The original sparse coding reconstruction term in \ref{eq:1} will lead to both non-local learning rules for \(\Phi\) and a non-local inference circuit. So, it is approximated by an objective which will lead to Oja’s learning rule: \[\label{local} E(X, a; \Phi, W, \theta) = \frac{1}{2}\sum_{ij}(X_i-\Phi_{ij}a_j)^2 + \sum_i\theta_i(a_i-p) + \sum_{ij}W_{ij}(a_ia_j-p^2).\] Note that in \ref{local}, the sum on \(j\) has moved outside of the squaring operation in the first term. As shown in \cite{Zylberberg_2011}, gradient descent with respect to \(\Phi, W\), and \(\theta\) give local learning rules for the parameters of the model.

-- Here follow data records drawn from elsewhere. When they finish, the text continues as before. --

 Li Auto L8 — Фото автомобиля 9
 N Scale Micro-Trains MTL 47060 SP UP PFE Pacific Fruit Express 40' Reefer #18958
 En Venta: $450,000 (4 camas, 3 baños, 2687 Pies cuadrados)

The negative gradient of the local objective function \ref{local} is \[-\frac{\partial E(a| X; \Phi, W, \theta)}{\partial a_i} = \sum_jX_j\Phi_{ji}-\sum_j \Phi_{ji}^2a_i - \theta_i - 2\sum_{j\ne i}W_{ji}a_j.\] The first term is the same linear filtering term. The second is the leakiness term with an additional scaling by the length squared of the dictionary element. The dictionary is commonly normalized to have length 1 to prevent it from growing without bound, although Oja’s rule does not require this. Empirically, the mean norm will be on the order of length 1, but can vary by a small integer factor and will have non-zero variance. It is an interesting prediction that the leakiness of the membrane of a neuron should scale with the overall strength of its synapses. \(-\theta\) would be converted into a spike-threshold in a LIF version of this analog equation. Finally, the last term \(W\) accounts for within layer inhibition.

Without a leaky integrate-and-fire circuit (LIF) circuit, the analog optimization problem is solved by

\[\frac{da_i}{dt} = -\frac{\partial E(a|X; \Phi, W, \theta)}{\partial a_i}.\]

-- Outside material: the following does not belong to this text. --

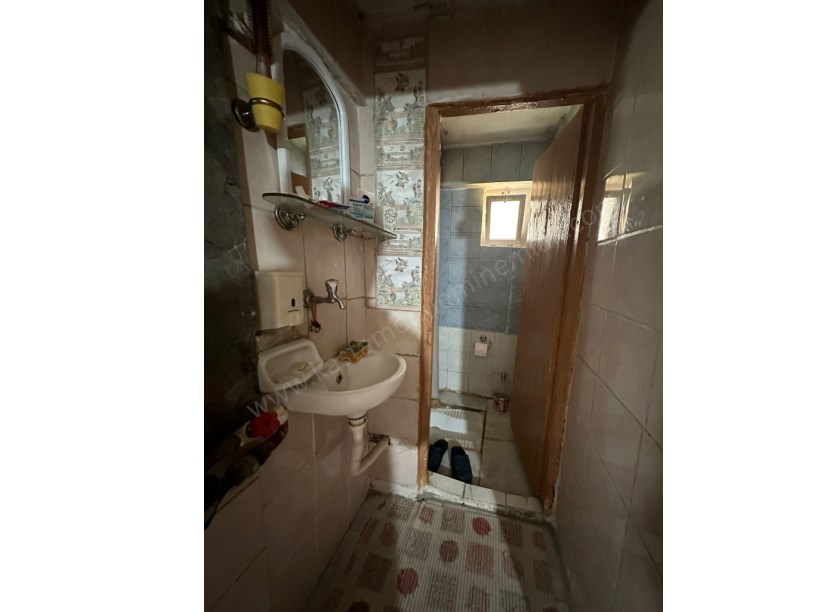 MERKEZDE Satılık MÜSTAKİL EV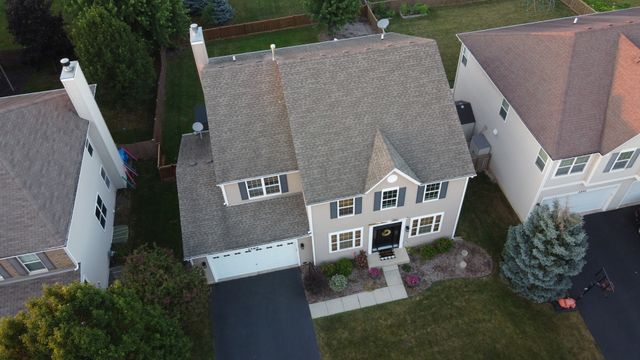 2589 Savanna Drive, Wauconda, IL 60084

In \cite{Zylberberg_2011}, a leaky integrate-and-fire circuit (LIF) was instantiated which had three terms in the integrator circuit \[\begin{split} \tau \frac{du_i}{dt} &= -u_i + \sum_j X_j\Phi_{ji} - \sum_{j\ne i}W_{ij}y_j\\ y_i &= 1 \text{ if } u_i > \theta_i \text{ else } 0 \end{split}\] which are leakiness, linear filtering, and inhibition. \(y_j\) is the instantaneous spiking variable for neuron \(i\). This circuit may not always descend the objective function, as we can show.

Given the analog optimization problem in \ref{descend}, there are a number of different ways to instantiate a LIF circuit to approximate inference. The negative gradient can be interpreted as the driving force in the circuit \[\frac{du_i}{dt} = -\frac{\partial E(a|X; \Phi, W, \theta)}{\partial u_i} = -\frac{\partial E(a|X; \Phi, W, \theta)}{\partial a_i} \frac{\partial a_i}{\partial u_i}\]